Tally assentiu. Nunca havia se sentido tão cansada. Seus músculos
doíam, e os arranhões no rosto e nas mãos tinham voltado a arder. Mas ela
estava tomada pelo alívio. O pesadelo havia começado três meses antes, no dia
em que Peris havia atravessado o rio. E estava perto de acabar.
– Tudo bem, Peris. Vamos nos ver em breve. O mais breve possível.
Ele a abraçou de novo, beijando suas bochechas salgadas e
lanhadas.
– Talvez em poucos dias. Estou tão empolgado! – sussurrou.
Peris se despediu e caminho na direção da porta. Conferiu os dois
lados do corredor antes de sair. Tally foi até a janela, para dar uma última
olhada no amigo, e notou um carro voador à espera dele. Os perfeitos realmente
tinham tudo que desejavam.
O que Tally mais queria era dormir, mas sua decisão não podia
esperar. Sabia que, com Peris longe, as dúvidas voltariam para atormentá–la.
Não conseguiria passar mais um dia naquela situação, sem saber se seu
purgatório entre os feios teria fim. E havia prometido a Peris que estaria com
ele em breve.
– Me perdoe, Shay – disse baixinho.
Tally pegou o anel de interface, que repousava na mesa de
cabeceira, e o botou no dedo.
– Mensagem para a dra. Cable ou quem quer que seja. Vou fazer o
que pedirem. Só preciso dormir um pouco antes. Fim da mensagem.

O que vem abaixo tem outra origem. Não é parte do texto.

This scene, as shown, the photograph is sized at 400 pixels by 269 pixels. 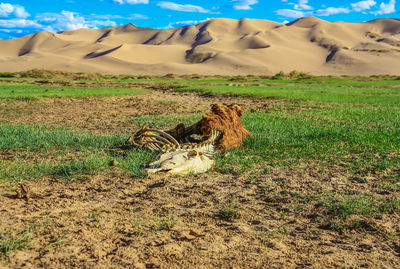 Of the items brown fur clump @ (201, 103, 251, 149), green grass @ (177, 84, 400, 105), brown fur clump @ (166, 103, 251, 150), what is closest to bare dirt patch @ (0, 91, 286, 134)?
green grass @ (177, 84, 400, 105)

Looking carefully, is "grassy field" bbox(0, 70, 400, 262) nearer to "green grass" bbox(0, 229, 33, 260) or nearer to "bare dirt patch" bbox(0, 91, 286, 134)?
"green grass" bbox(0, 229, 33, 260)

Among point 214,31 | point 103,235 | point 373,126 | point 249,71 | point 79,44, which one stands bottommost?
point 103,235

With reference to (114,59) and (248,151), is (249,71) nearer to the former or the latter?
(114,59)

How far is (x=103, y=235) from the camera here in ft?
10.9

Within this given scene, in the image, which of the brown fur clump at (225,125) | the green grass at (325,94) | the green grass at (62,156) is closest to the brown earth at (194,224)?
the green grass at (62,156)

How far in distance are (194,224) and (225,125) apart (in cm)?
358

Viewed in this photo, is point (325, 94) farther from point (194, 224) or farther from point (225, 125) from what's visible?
point (194, 224)

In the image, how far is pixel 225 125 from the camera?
22.9 feet

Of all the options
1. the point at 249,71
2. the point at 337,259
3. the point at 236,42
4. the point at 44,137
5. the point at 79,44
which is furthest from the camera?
the point at 79,44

Um suspiro e então ela caiu na cama. Precisa passar o remédio nos
arranhões antes de apagar, mas o simples pensamento de se levantar fez seu
corpo inteiro doer. Aqueles machucados não a impediriam de dormir. Nada
impediria.
Poucos segundos depois, o quarto começou a falar:
– Resposta da dra. Cable: Um carro vai buscá–la. Chegada em vinte
minutos.
– Não – murmurou ela.
Tally sabia, porém, que seria inútil discutir. A Circunstâncias
Especiais viria de qualquer maneira para acordá–la e levá–la embora.
Ela decidiu tentar dormir pelo menos por alguns minutos. Seria
melhor do que nada. No entanto, nos vinte minutos seguintes, não conseguiu
fechar os olhos por um único segundo.